Romney also labeled Gingrich, a longtime congressman from Georgia who served as House speaker, a Washington insider.

“You can’t just elect the same people to take different chairs,” Romney said.

Romney’s campaign kept up its attacks on Gingrich even though polls show that Romney had already erased Gingrich’s lead and was running well ahead of the pack on the eve of the election. After being blindsided by Gingrich’s upset victory in South Carolina just over a week ago, Romney is outspending Gingrich in Florida by at least $12 million, most of it on TV and radio ads bashing the former speaker.

Romney’s campaign surrogates, meanwhile, are holding daily conference calls with reporters to paint Gingrich as unstable and a danger to the entire Republican ticket in the fall. Rep. Jason Chaffetz, R-Utah, who never served with Gingrich, predicted Monday that the former speaker would not only lose to President Obama in the general election but drag other down-ballot Republicans down with him.

“I think Newt Gingrich at the top of the ticket scares the living daylights out of me and my colleagues,” Chaffetz told reporters. “That is why Mitt Romney has a lot of endorsements from so many fresh faces.”
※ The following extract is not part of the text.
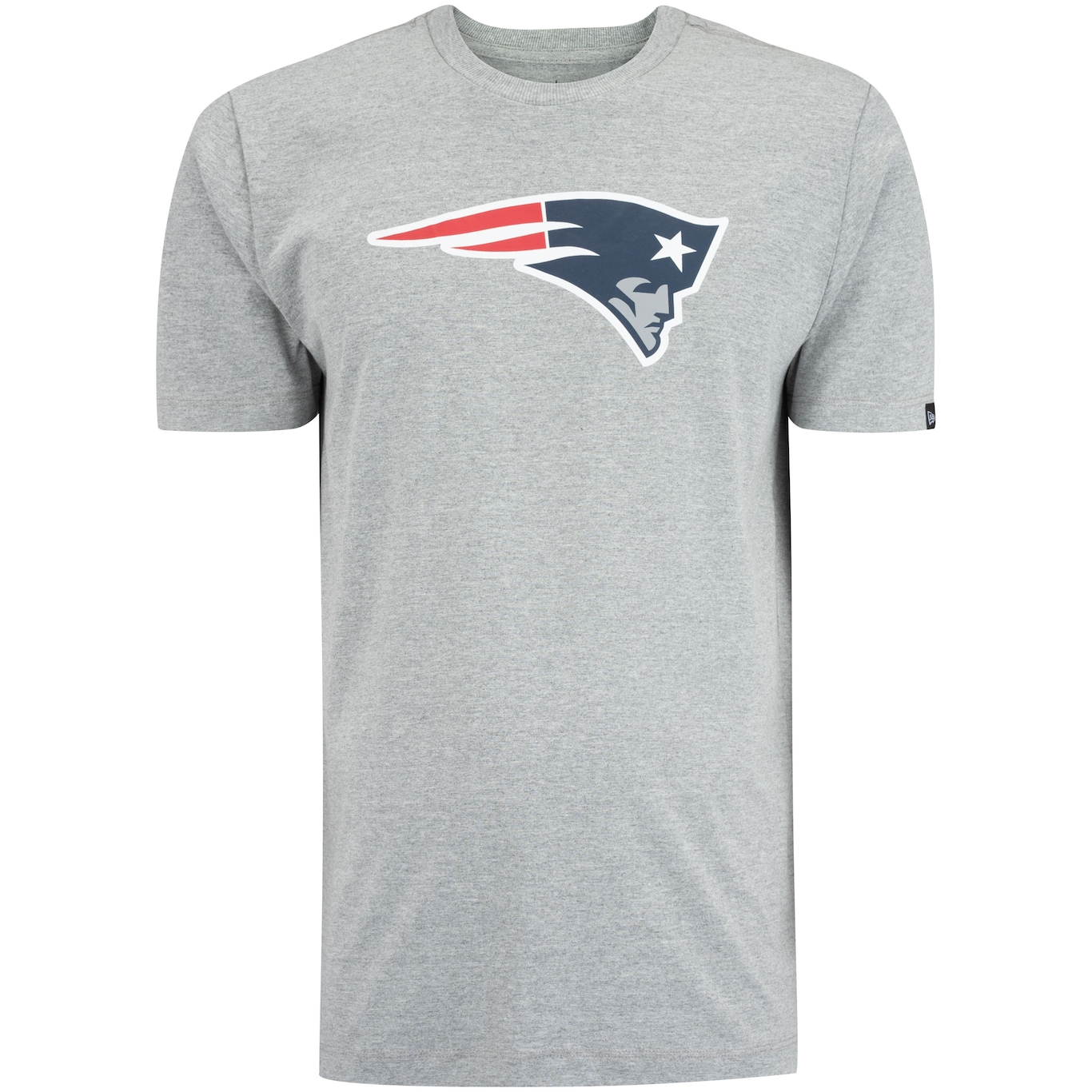 Camiseta New England Patriots NFL Basic - Masculina - Foto 5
Still, Gingrich was endorsed by former GOP presidential candidate Herman Cain and received supportive comments from Sarah Palin, the former GOP vice presidential nominee. And his rallies have generally attracted larger and more enthusiastic crowds than Romney’s.

“We can win this,” Cain claimed Monday as he introduced Gingrich at a boisterous gathering in Tampa.
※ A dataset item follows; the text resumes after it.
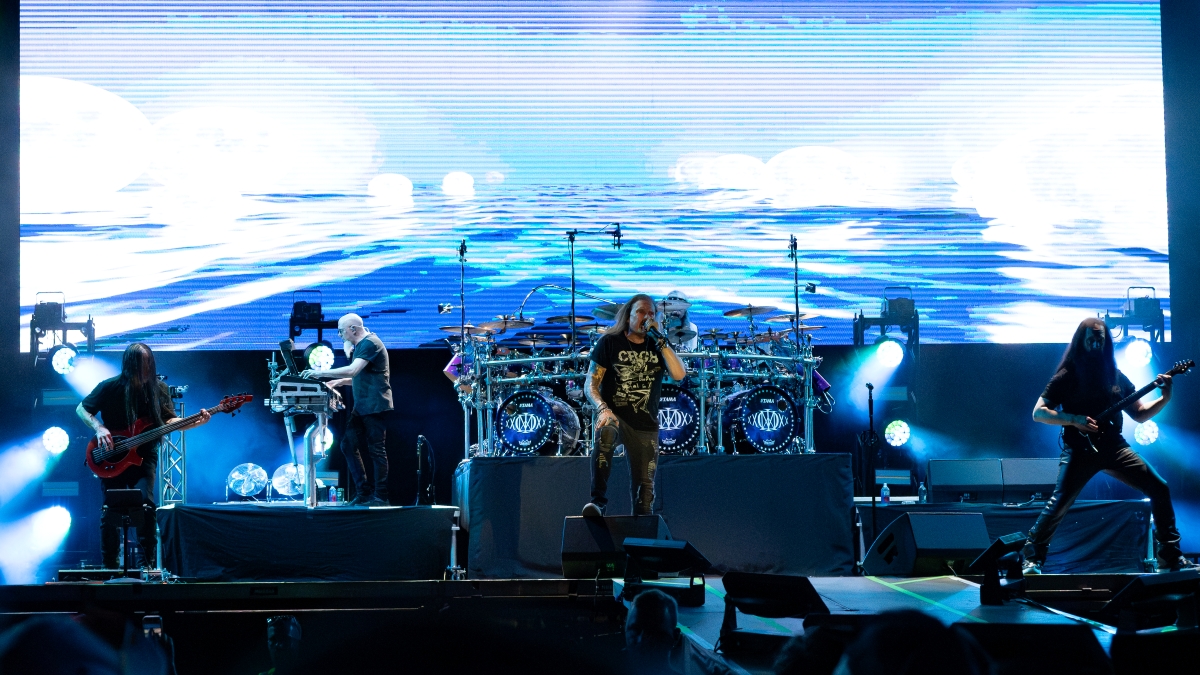 Dream Theater em 2025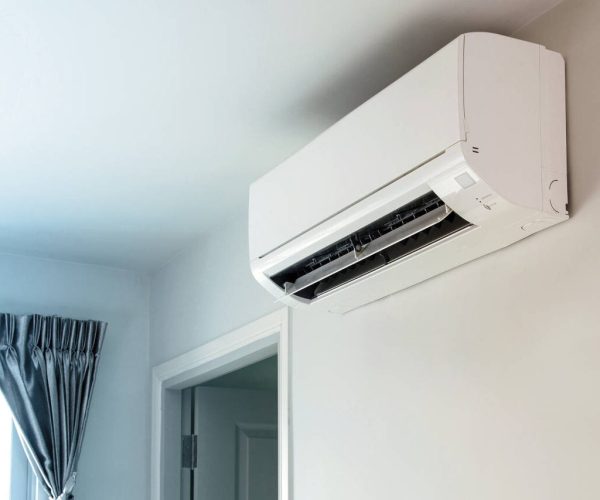 Ductless-mini-split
Romney and the Republican establishment that is backing him are hoping the Florida primary finally sets the occasional front-runner apart from Gingrich and two other candidates still in the race but not competing in Florida, former Sen. Rick Santorum and Rep. Ron Paul of Texas. So far, Romney has won only New Hampshire while Santorum won Iowa and Gingrich won South Carolina, leaving no clear leader and no single candidate around whom the party can rally.

But even as top party officials and lawmakers rally around Romney, conservative commentators such as radio host Rush Limbaugh are raising questions about whether establishment Republicans have joined with Democrats in trying to defeat Gingrich. It’s a point Gingrich likes to highlight as well.

“I am real change and that is why the establishment in both parties are really terrified,” Gingrich told one crowd. “Because we will change things.”